Try it>
Restate word for word the entries below, starting at the line with "Size) (Black) Kovshuiwe" and ending at the line with "Menu Le café". Keep both end lines and omit the pictures.

Working data>
^^^^^^^^

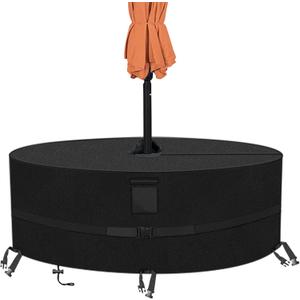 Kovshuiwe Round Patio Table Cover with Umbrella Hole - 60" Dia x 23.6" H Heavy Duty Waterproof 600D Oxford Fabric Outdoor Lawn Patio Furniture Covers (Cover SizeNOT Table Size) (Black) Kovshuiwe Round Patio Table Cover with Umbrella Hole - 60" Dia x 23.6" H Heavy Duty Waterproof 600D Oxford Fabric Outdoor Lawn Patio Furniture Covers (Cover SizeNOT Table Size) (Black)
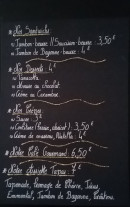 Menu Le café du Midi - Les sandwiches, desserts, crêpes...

^^^^^^^^

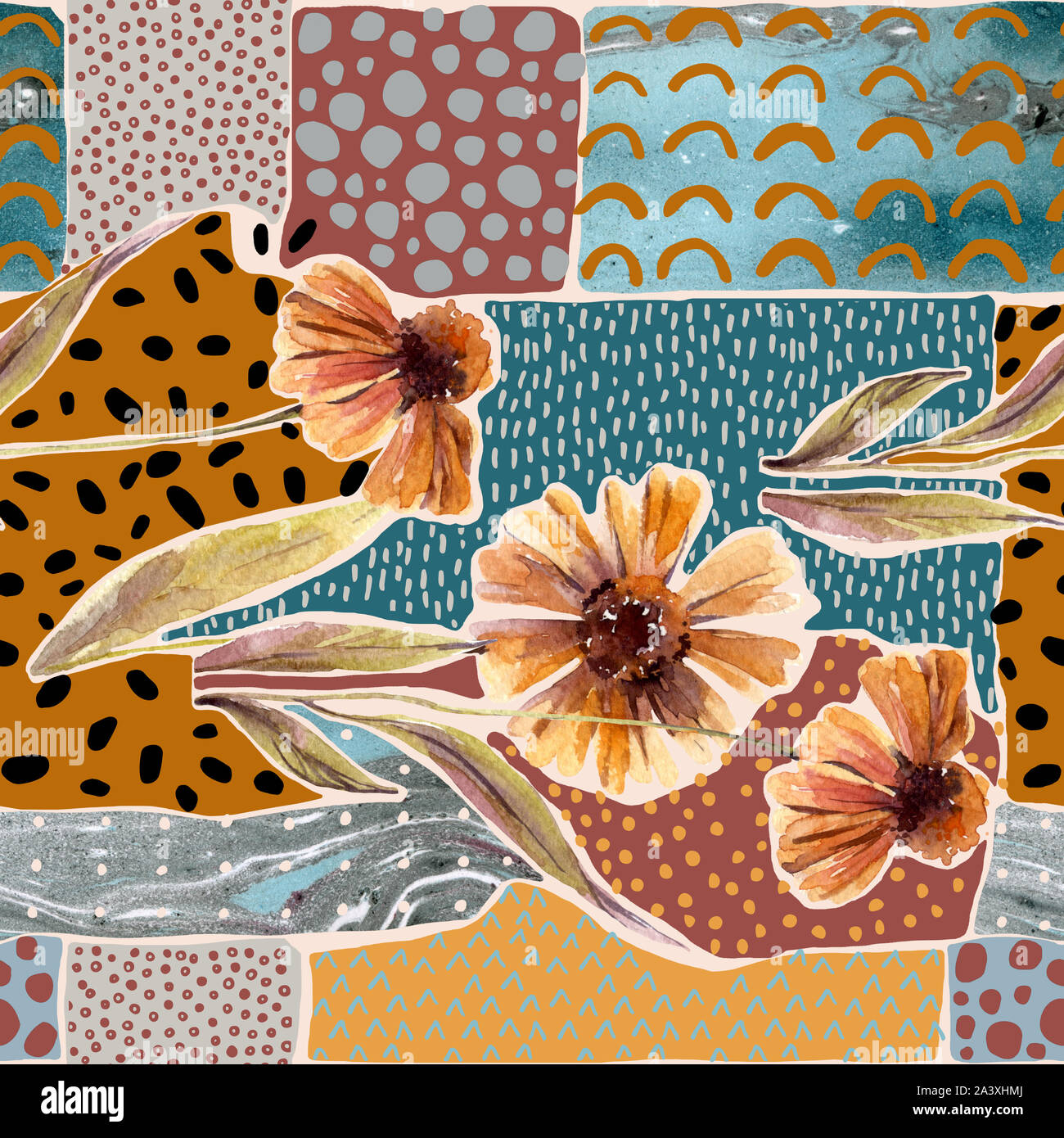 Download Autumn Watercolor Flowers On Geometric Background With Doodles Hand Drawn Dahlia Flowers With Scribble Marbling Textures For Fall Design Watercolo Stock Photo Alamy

^^^^^^^^

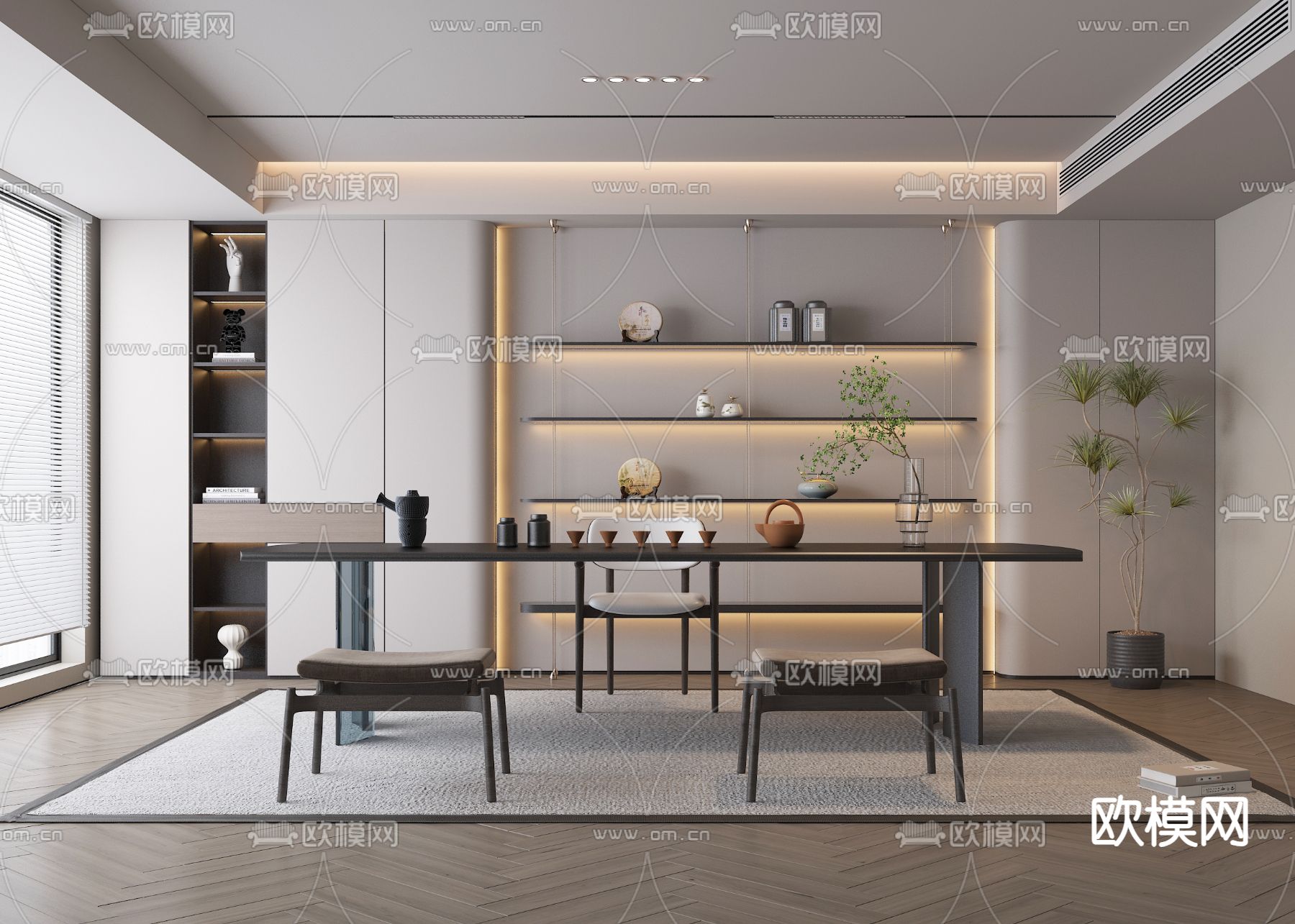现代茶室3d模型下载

^^^^^^^^

Task response>
 Kovshuiwe Round Patio Table Cover with Umbrella Hole - 60" Dia x 23.6" H Heavy Duty Waterproof 600D Oxford Fabric Outdoor Lawn Patio Furniture Covers (Cover SizeNOT Table Size) (Black) Kovshuiwe Round Patio Table Cover with Umbrella Hole - 60" Dia x 23.6" H Heavy Duty Waterproof 600D Oxford Fabric Outdoor Lawn Patio Furniture Covers (Cover SizeNOT Table Size) (Black)
 Menu Le café du Midi - Les sandwiches, desserts, crêpes...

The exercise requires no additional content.